I didn’t post last weekend, however, because the internet went out.  Actually, it was my modem that went out.  Hard to believe that in this day and age it takes 48 hours to get a tech to fix something so damned essential, but that’s the world we live in.


I tried to get some writing done since you don’t technically need the internet to do it.  It didn’t work.  A weekend without the internet and with no way to post on my beloved blog.  What’s a struggling writer to do?


Come up with ideas, that’s what.  My best ideas come up when I’m doing something unrelated to the actual writing I live for.  Taking a walk.  Taking a shower.  Driving.  At least on the taking a walk option I can write things down.  Or I could if I took my notebook.





As a working writer, I walk fast.  It’s still too dark around here to get my walk in before starting work.  So I take a quick break around lunch and walk.  I walk fast and I don’t stop.  It’s often some of the most inspirational time during the week.  I come home repeating story ideas that I don’t want to forget, rushing for a paper and pen.

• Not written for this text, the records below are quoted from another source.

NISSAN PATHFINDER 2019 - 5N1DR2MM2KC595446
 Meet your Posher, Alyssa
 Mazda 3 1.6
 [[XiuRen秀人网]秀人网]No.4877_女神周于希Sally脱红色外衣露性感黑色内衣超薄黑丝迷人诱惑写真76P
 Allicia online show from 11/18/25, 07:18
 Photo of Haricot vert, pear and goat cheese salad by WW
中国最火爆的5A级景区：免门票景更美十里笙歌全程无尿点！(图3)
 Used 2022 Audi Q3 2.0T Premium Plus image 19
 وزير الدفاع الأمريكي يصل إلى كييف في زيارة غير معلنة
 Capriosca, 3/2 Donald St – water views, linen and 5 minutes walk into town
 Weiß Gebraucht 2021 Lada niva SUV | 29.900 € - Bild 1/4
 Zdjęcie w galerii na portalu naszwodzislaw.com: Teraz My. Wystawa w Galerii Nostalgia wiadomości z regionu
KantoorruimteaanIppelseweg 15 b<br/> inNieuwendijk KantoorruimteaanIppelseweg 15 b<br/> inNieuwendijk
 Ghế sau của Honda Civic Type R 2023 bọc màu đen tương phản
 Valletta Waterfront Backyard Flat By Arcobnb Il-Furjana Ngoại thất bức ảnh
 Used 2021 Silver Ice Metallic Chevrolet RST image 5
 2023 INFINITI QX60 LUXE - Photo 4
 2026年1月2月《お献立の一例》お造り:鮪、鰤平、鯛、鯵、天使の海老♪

I don’t take my notebook because I’m pressed for time.  I often muse that it is just this very time pressure that makes creativity flow.  When I commuted into New York daily, I had very little time and when I stopped commuting the ideas seemed to have dried up.  What is it with creativity and pressure?


I think my limiting my walk time is a way of building pressure again, like an InstantPot on legs.  It may not work for you, but when you have no internet, perhaps taking a walk is the most creative thing you can do.